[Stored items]
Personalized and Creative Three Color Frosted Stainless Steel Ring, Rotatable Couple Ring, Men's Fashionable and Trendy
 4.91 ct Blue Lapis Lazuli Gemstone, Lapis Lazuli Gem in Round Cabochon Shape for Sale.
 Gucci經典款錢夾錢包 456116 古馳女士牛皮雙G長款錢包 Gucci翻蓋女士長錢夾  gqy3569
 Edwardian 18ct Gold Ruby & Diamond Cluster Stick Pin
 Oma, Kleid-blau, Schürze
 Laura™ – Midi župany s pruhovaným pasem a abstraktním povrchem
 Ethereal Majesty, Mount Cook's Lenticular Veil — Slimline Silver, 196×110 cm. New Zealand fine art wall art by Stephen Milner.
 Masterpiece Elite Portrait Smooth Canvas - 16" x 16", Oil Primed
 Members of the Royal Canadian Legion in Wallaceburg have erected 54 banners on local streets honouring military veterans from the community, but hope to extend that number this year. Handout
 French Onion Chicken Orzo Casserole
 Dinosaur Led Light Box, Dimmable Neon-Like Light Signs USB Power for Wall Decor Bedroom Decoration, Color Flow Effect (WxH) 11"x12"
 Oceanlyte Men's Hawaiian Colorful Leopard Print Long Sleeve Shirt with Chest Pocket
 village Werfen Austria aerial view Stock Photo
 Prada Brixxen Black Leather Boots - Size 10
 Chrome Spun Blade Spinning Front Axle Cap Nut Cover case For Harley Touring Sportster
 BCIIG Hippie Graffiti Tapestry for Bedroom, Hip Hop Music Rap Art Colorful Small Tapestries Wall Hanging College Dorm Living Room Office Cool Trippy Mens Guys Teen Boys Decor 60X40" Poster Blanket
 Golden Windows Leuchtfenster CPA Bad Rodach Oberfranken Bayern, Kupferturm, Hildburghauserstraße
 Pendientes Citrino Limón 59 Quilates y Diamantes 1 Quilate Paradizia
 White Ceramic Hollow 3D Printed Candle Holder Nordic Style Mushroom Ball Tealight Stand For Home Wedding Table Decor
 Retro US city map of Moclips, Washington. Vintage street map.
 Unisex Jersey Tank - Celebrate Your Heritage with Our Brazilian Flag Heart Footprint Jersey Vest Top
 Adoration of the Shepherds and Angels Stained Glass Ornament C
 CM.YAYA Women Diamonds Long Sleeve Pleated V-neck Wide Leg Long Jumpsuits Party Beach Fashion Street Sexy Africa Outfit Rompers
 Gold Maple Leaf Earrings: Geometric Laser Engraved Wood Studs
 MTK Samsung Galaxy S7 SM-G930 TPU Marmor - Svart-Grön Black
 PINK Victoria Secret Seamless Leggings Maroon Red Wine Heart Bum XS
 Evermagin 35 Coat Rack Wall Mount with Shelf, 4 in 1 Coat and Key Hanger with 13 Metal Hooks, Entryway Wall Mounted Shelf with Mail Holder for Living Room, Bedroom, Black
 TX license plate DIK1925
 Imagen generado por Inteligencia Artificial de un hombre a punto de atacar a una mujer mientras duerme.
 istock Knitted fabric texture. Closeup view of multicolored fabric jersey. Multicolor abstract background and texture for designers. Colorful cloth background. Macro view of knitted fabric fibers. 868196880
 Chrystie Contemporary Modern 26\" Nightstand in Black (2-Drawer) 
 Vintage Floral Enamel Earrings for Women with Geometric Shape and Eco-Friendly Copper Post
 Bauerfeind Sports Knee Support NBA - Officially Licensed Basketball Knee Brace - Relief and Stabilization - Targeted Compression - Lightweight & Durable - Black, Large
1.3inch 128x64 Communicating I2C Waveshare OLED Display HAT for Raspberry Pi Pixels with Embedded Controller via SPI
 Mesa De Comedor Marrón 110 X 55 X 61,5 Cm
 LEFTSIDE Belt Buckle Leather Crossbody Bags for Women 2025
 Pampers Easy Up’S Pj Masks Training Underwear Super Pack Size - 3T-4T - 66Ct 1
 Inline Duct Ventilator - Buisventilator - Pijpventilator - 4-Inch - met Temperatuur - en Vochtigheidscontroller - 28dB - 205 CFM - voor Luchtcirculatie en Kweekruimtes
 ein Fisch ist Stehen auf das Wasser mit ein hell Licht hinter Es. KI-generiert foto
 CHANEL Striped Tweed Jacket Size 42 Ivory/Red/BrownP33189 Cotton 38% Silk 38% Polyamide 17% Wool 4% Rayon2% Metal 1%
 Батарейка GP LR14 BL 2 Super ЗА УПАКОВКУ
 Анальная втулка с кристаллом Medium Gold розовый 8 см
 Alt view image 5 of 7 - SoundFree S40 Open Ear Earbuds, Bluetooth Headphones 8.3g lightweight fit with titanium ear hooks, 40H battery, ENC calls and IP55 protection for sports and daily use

What to work on |
Wherever the line holding "Gucci經典款錢夾錢包 456116 古馳女士牛皮雙G長款錢包" falls in the entries above, copy exactly from it through the line holding "Pendientes Citrino Limón", inclusive, and add nothing.

Answer space |
 Gucci經典款錢夾錢包 456116 古馳女士牛皮雙G長款錢包 Gucci翻蓋女士長錢夾  gqy3569
 Edwardian 18ct Gold Ruby & Diamond Cluster Stick Pin
 Oma, Kleid-blau, Schürze
 Laura™ – Midi župany s pruhovaným pasem a abstraktním povrchem
 Ethereal Majesty, Mount Cook's Lenticular Veil — Slimline Silver, 196×110 cm. New Zealand fine art wall art by Stephen Milner.
 Masterpiece Elite Portrait Smooth Canvas - 16" x 16", Oil Primed
 Members of the Royal Canadian Legion in Wallaceburg have erected 54 banners on local streets honouring military veterans from the community, but hope to extend that number this year. Handout
 French Onion Chicken Orzo Casserole
 Dinosaur Led Light Box, Dimmable Neon-Like Light Signs USB Power for Wall Decor Bedroom Decoration, Color Flow Effect (WxH) 11"x12"
 Oceanlyte Men's Hawaiian Colorful Leopard Print Long Sleeve Shirt with Chest Pocket
 village Werfen Austria aerial view Stock Photo
 Prada Brixxen Black Leather Boots - Size 10
 Chrome Spun Blade Spinning Front Axle Cap Nut Cover case For Harley Touring Sportster
 BCIIG Hippie Graffiti Tapestry for Bedroom, Hip Hop Music Rap Art Colorful Small Tapestries Wall Hanging College Dorm Living Room Office Cool Trippy Mens Guys Teen Boys Decor 60X40" Poster Blanket
 Golden Windows Leuchtfenster CPA Bad Rodach Oberfranken Bayern, Kupferturm, Hildburghauserstraße
 Pendientes Citrino Limón 59 Quilates y Diamantes 1 Quilate Paradizia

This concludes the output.